Every Joseph is mostly an act of imagination, because in the Bible, Joseph never actually speaks. Aside from the passing reference to his being a carpenter and the dream conversation he has with an angel in today’s readings, we really know almost nothing about Joseph, and much of what we think we know is made up or assumed. Compared to Mary, who gives us the Magnificat, Joseph is notable in his silence. But, somehow, there is still something about him that radiates goodness.

The real Joseph wasn’t made of white porcelain, and who knows if he had a bald spot, but even if he rarely spoke, his actions reflected his character.
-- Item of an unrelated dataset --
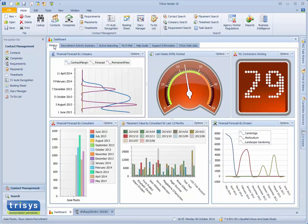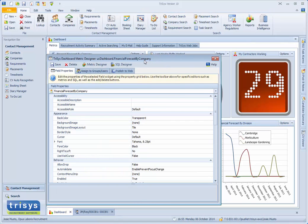Each metric can be configured with a wide range of data representation charts, gauges and tickers.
Maybe that’s the extracanonical mythology about St. Joseph speaking, or maybe that’s another act of the imagination, or maybe it’s that so many of us dealt with addicted, violent, angry or absent fathers. Cast in the role of an idealized father, Joseph sparks the imagination of artists and writers alike. The idea of this silent man carving in a woodshop with a son by his side taps into our collective longing for a father figure, one who would risk his reputation, so important in his era, for the sake of a child who wasn’t biologically his own. No, the real Joseph wasn’t made of white porcelain, and who knows if he had a bald spot, but even if he rarely spoke, his actions reflected his character.

Even for those of us who aren’t fathers, and even for those of us who don’t have fathers or whose fathers were far from perfection, like St. Joseph, it’s our willingness to risk our reputations for the sake of others that makes us righteous.